INTRODUÇÃO: O rastreamento para fibrose cística (FC) vem sendo incorporado ao programa de triagem neonatal (TN) brasileiro, desde 2001. O modelo utilizado contempla coleta de até duas amostras de tripsinogênio imunorreativo (TIR/TIR), ponto de corte fixo em 70 ng/ mL, e confirmação diagnóstica da FC por teste do suor (TS) e/ou identificação de duas variantes patogênicas no gene da proteína reguladora de condutância transmembrana (CFTR).
OBJETIVO: Avaliar a eficácia e a acurácia do protocolo TIR/ TIR na TN para FC e verificar adoção de pontos de corte flutuantes ou de outros valores para a primeira e segunda dosagens do TIR (TIR1 e TIR2) mais apropriados, para a população estudada.
METODOLOGIA: Estudo populacional, retrospectivo, conduzido com dados de 2013 a 2017, do serviço de referência de TN de um estado do nordeste brasileiro. Foram avaliados sensibilidade, especificidade e valores preditivos positivo e negativo dos TIR1 e TIR2. A curva de ROC foi utilizada para a identificação do melhor valor de corte (sensibilidade e especificidade máximas). O índice de Youden foi calculado para definição do ponto de corte ideal, levando em conta pontos de cortes para TIR1 e TIR2, do ano anterior para os percentis 99,4, 99,5, 99,6 e 99,7 (flutuantes).
RESULTADOS: No período, 840.832 recém-nascidos foram submetidos à TN para FC; desses, 40 tiveram diagnóstico confirmado de FC, porém apenas 13 (32,5%) completaram todas as etapas do processo (TIR1/TIR2/TS). Nove crianças foram, posteriormente, diagnosticadas com FC, através de sintomas clínicos compatíveis, mas com TN falso-negativa. A acurácia da TIR1, de forma isolada, com o ponto de corte > 70 ng/mL, foi capaz de predizer a presença da doença em 99,45% (IC95%: 99,44 – 99,47), com sensibilidade de 82,0% (IC 95%: 69,20 – 90,23), especificidade de 99,45% (IC 95%: 99,44 – 99,47) e VPP de 6,35% (IC 95%: 4,7 – 8,5). A área observada sobre a curva (AUC) foi de 0,9639 (IC95%: 0,9635-0,9643). Para os valores de TIR2, o desempenho do teste foi melhor com ponto de corte > 90 ng/mL, mantendo-se sensibilidade e especificidade adequadas, mas com redução significativa do número de falsos positivos, comparados ao ponto de corte em uso. O teste de Youden para o TIR1, calculado em todos os anos, demonstrou valores variando entre 36,5 ng/ mL a 71,3mL. Nesse teste, o TIR2 demonstrou valores entre 94,8 ng/mL e 116 ng/mL.

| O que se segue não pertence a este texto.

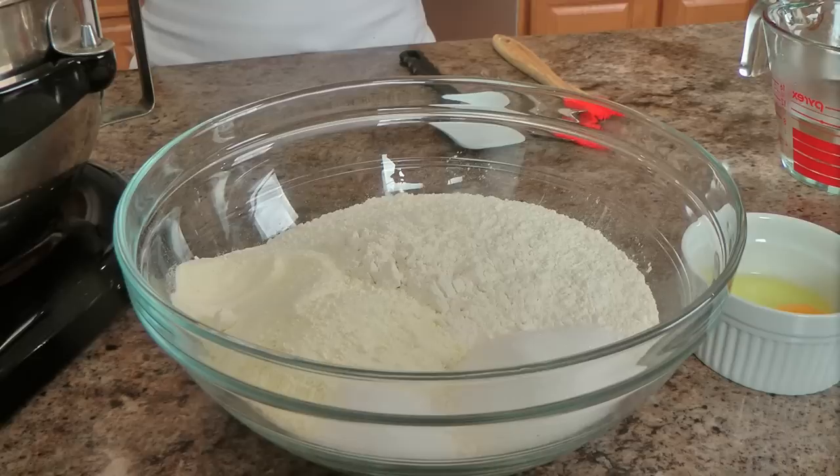Hi guys, I'm Laura Vitale and on this episode of Laura in the Kitchen I want to share with you my recipe for my cinnamon raisin bread. Not too long ago I showed you my recipe for white sandwich bread, and so many of you were thrilled over the fact that I was going to be bringing you more bread recipes. This is one that I feel is so perfect for this time of year, and I just feel like it's incredible — you need this recipe in your repertoire.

CONCLUSÃO: Na população estudada, o método TIR/TIR apresentou baixa sensibilidade e baixo valor preditivo positivo; com ocorrência considerável de resultados falso-positivos e falso-negativos. O uso de ponto de corte flutuante não se mostrou uma boa alternativa nessa amostra populacional. A mudança do ponto de corte do TIR2 de 70 para 90 ng/mL é uma opção factível para a redução dos resultados falso-positivos. Objetivando-se a melhora da eficácia da TN para FC, bem como a diminuição da ocorrência de falhas no processo da TN, pode ser necessária a associação de outros métodos de triagem ao protocolo TIR/TIR.